Virtualization
On this Page
Virtualization¶
You can now enable Intel® Gaudi® PCI passthrough on a virtual OS using a Linux host server. This document describes how to allocate Intel Gaudi AI accelerator for KVM Guests on Ubuntu 22.04 LTS.
PCI passthrough is the only virtualization mechanism supported by Gaudi accelerators. There is no support for SR-IOV or MIG. The smallest granularity possible is with a single HPU.
Configuring Gaudi in a VM Host Server¶
Verify that VM host server supports VT-D/IOMMU and SR-IOV technologies. Make sure they are enabled in the BIOS.

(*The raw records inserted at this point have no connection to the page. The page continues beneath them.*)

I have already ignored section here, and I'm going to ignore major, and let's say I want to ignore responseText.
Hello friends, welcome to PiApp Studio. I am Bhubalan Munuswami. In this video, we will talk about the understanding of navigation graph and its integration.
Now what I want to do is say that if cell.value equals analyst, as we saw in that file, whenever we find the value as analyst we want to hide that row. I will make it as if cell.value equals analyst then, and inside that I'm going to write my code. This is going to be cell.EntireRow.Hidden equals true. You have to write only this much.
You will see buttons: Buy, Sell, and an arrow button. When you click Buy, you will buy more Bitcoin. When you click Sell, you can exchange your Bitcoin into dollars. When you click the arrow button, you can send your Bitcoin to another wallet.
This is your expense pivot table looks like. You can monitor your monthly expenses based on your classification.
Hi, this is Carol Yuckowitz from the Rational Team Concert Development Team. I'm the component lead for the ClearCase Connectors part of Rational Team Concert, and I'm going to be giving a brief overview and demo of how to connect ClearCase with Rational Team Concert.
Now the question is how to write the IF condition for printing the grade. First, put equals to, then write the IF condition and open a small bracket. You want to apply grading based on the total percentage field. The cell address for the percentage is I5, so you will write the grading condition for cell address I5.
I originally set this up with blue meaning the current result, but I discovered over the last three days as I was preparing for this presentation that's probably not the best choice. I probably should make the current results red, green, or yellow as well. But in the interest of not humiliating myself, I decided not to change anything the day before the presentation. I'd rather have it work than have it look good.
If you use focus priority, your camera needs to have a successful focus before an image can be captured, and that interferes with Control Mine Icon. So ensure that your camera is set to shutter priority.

Enable IOMMU. Verify that it is included in the boot by running the following command:
cat /proc/cmdline
The below shows the expected output:
BOOT_IMAGE=/boot/vmlinuz-default [...] intel_iommu=on [...]

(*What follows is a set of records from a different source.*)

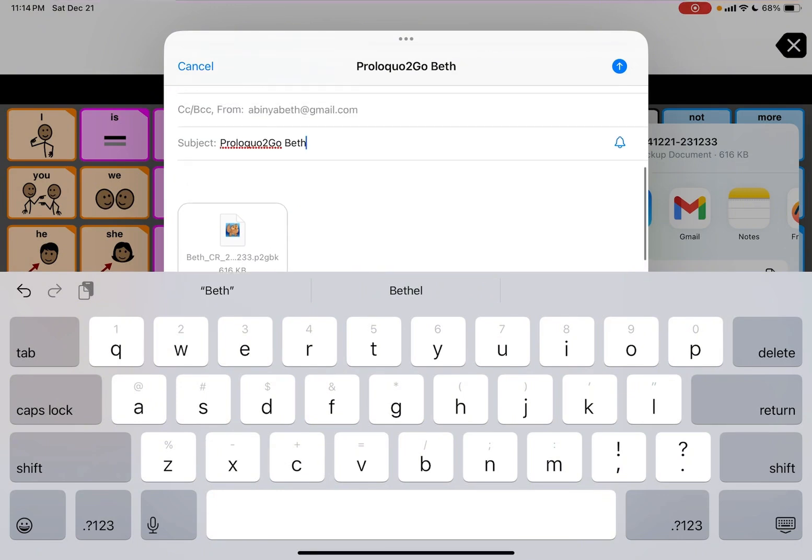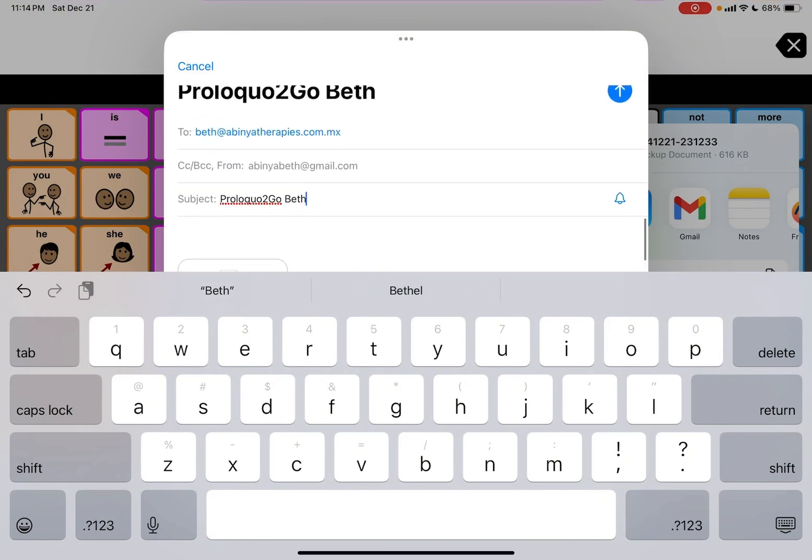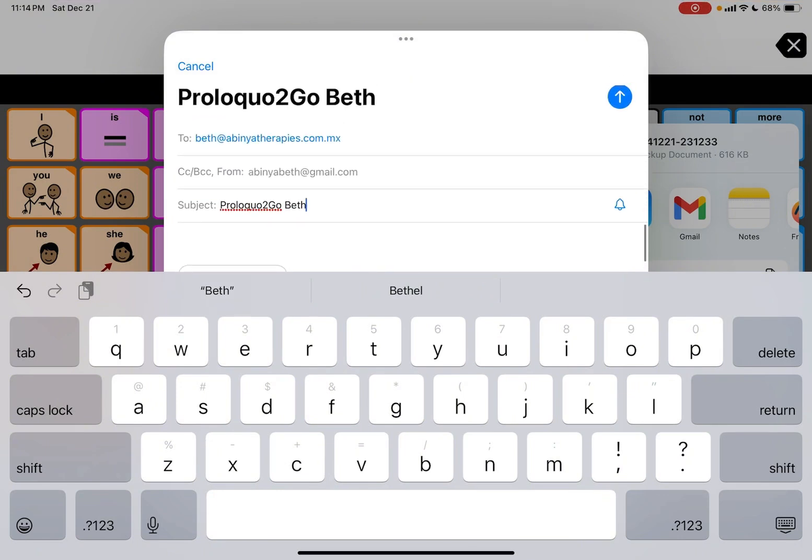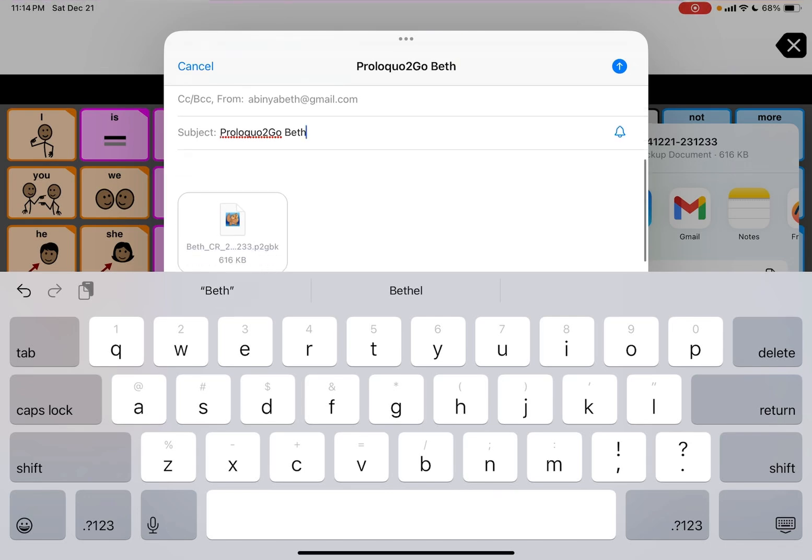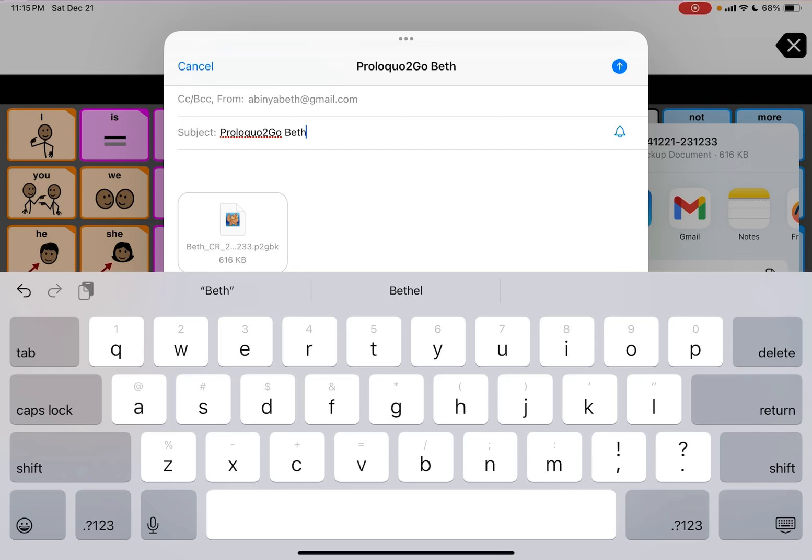I'm going to email it, but just remember that in order for the person to get the file and it looks like Proloquo2Go and it's supported, the device has to have the Proloquo2Go app downloaded on it.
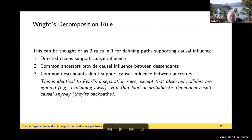This is identical to Pearl's d-separation rules, except that it doesn't take into account observed colliders. If you have an observed collider, his rules wouldn't accommodate that. I have no idea if he thought about that at all. But that's not really what causal attribution is about — the kinds of paths you activate by observing colliders in d-connection are not causal pathways. They're probabilistic dependency pathways that mess up the causal interpretation.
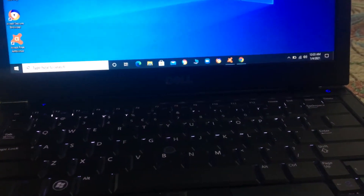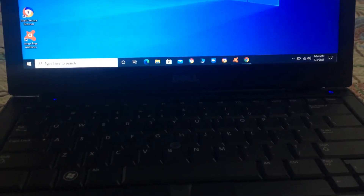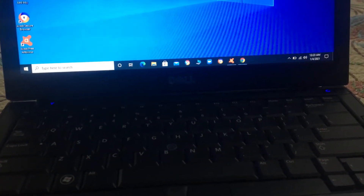Assalamualaikum friends. Welcome to Tech and Edits. In today's video, I will tell you that you can rotate your laptop's screen.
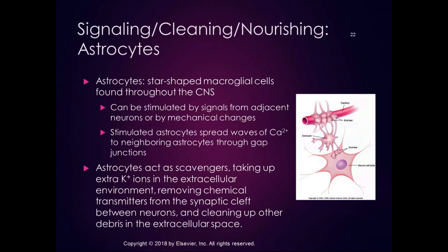Astrocytes are also a big part of the blood-brain barrier. They form a linkage between neurons and capillaries to provide nutrition from those capillaries and to filter out anything that might negatively affect the neurons. So astrocytes are hugely important.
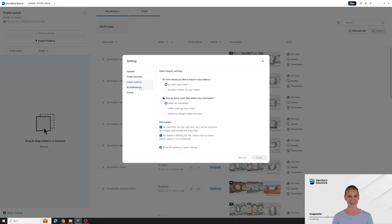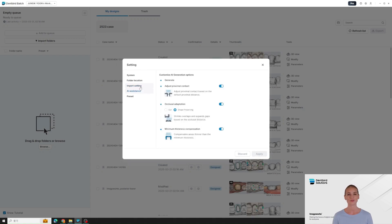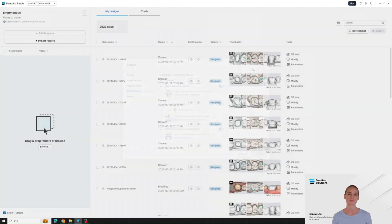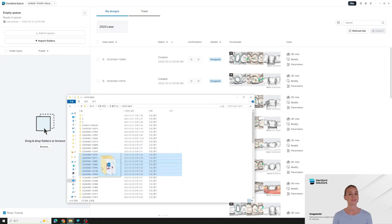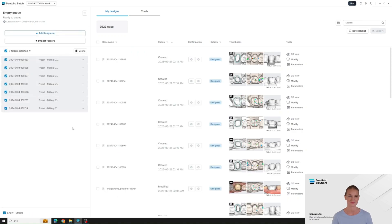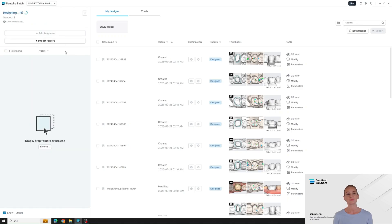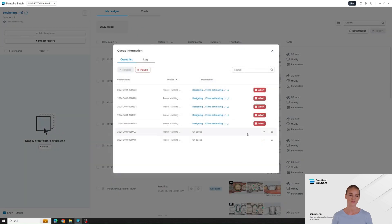DentBird Batch also lets you customize AI generation options, allowing you to fine-tune the design process to fit your needs. You can apply preset design parameters at the account level, ensuring consistency across all cases while saving time on repetitive adjustments. Selecting Shape Preserving allows you to adjust the occlusal distance while maintaining the original AI-generated design. Now upload your files — AI will automatically generate high-quality designs, freeing you from repetitive tasks. You can let AI handle production while you focus on more critical work.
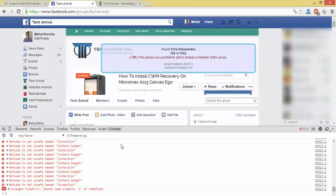You can see that there are 2082 members currently. After completion we will refresh the page so that we can see that friends are added or not.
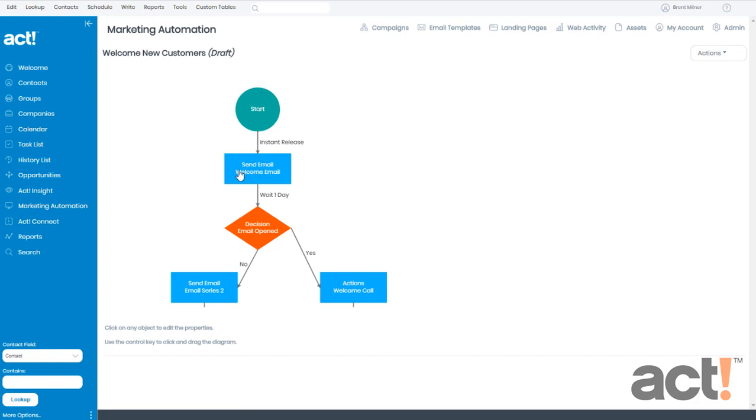And now you can see this first step, the Send Email step, now says Welcome Email because I changed the name of the step. Next up, we're going to look at how to adjust the time intervals that we see between the stages.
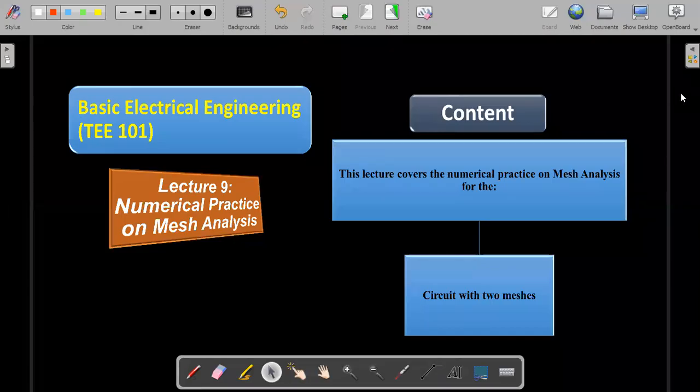Dear students, in this video we will discuss one electrical circuit with two meshes and we will apply mesh analysis on that circuit to determine the branch currents.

If not included, add the following line to
/etc/default/grub
:For Intel CPUs, add
GRUB_CMDLINE_LINUX="intel_iommu=on"
For AMD CPUs, add
GRUB_CMDLINE_LINUX="amd_iommu=on"
Isolate the Intel Gaudi PCI device for VFIO pass-through:
Get Intel Gaudi PCI devices
[vendor-ID: Device-ID]
by running the following command:lspci -nn -d 1da3:
Gaudi 3 example output:
3d:00.0 Processing accelerators: Habana Labs Ltd. Device 1060 (rev 01) 3e:00.0 Processing accelerators: Habana Labs Ltd. Device 1060 (rev 01) 4e:00.0 Processing accelerators: Habana Labs Ltd. Device 1060 (rev 01) 4f:00.0 Processing accelerators: Habana Labs Ltd. Device 1060 (rev 01) 97:00.0 Processing accelerators: Habana Labs Ltd. Device 1060 (rev 01) 98:00.0 Processing accelerators: Habana Labs Ltd. Device 1060 (rev 01) cb:00.0 Processing accelerators: Habana Labs Ltd. Device 1060 (rev 01) cc:00.0 Processing accelerators: Habana Labs Ltd. Device 1060 (rev 01)
Update the
GRUB_CMDLINE_LINUX_DEFAULT
and add the PCI device IDs with the vfio-pci.ids parameters by running the following command:sudo vi /etc/default/grub GRUB_CMDLINE_LINUX_DEFAULT="iommu=1 intel_iommu=on iommu=pt vfio pci.ids=[1da3:1060] systemd.unified_cgroup_hierarchy=0 kvm.ignore_msrs=1"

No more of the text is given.